More historical work has sought to consider how change is shaped by the very structural relations found in language and semiosis. Under what conditions do new meanings become apparent to communities of speakers, and how are old meanings still playing a role?


Attention to affective stances and states is now a core area of research in studies of language and semiosis. How are such stances and states brought into being, and how are they connected to the multiple scales of communication and forms of mediation?

We encourage participants to submit presentations connected generally to the conference theme.

Papers & Panels

Presentations of individual papers are welcome. Submit proposals for panel sessions (500 word abstract plus participant abstracts) or proposals for individual papers (250 word abstract).

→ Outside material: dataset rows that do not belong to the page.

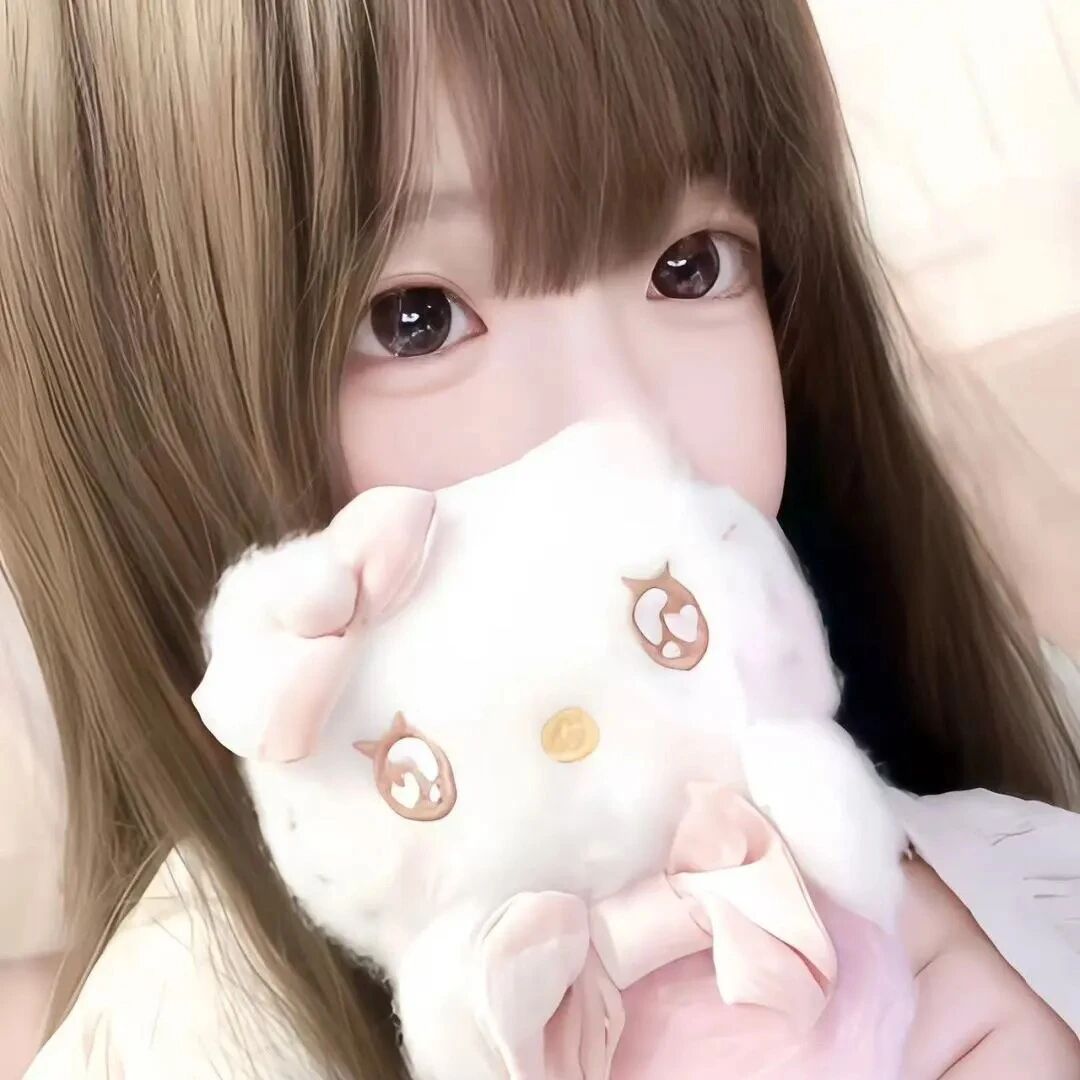 抱着玩偶少萝女生头像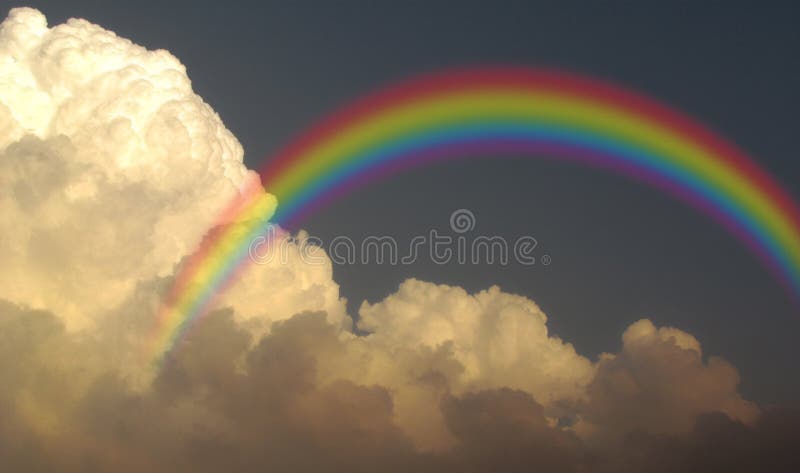 De regenwolken van de regenboog stormachtige moesson stock afbeelding De regenwolken van de regenboog stormachtige moesson stock afbeelding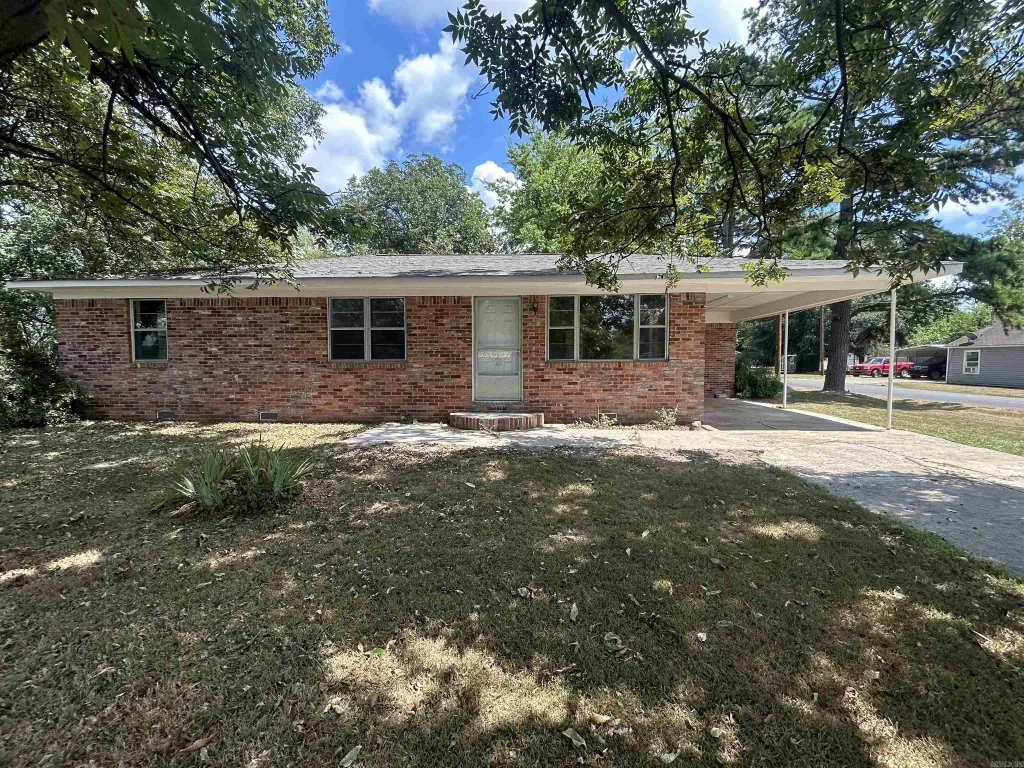 1102 N Lowe St, Stuttgart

Poster presentations are an excellent venue for generating useful discourse on the topic being presented.  The SLA conference will set aside a period specifically for poster presentations, during which all presenters are expected to be at their posters and all in attendance are strongly encouraged to view the posters and interact with the presenters.  Posters will remain in the poster area throughout the conference.  Poster proposals should take the form of a 250 word abstract which may also include images.

Multimedia installations

Much of our most interesting data can be difficult to share in the context of a traditional oral presentation.  The SLA conference will offer the opportunity to present multimodal data in creative ways which more effectively represent the research being presented.  Unfettered by the tight time constraints and necessary linearity of presenting as part of a panel, those who choose to create a multimodal installation should maximize the possibilities of allowing an audience to engage their research.  Multimedia installation proposals must include a description of the various types of data to be presented, and the equipment requirements for the installation.  Headphones, screens, means of making tactile data available, etc.  Installation proposals should take the form of a 500 word abstract, including a description of the content of the installation, its argument, and the types of data to be included.

Panel session organizers should include a list of the names and affiliations of their session’s panelists along with the panel abstract (250 words).  They do not submit the panelists’ abstracts.  Instead, panelists must first register and then submit their abstract (500 words) as an “Individual paper” noting in the first line of the abstract the full title of the panel on which they are a participant.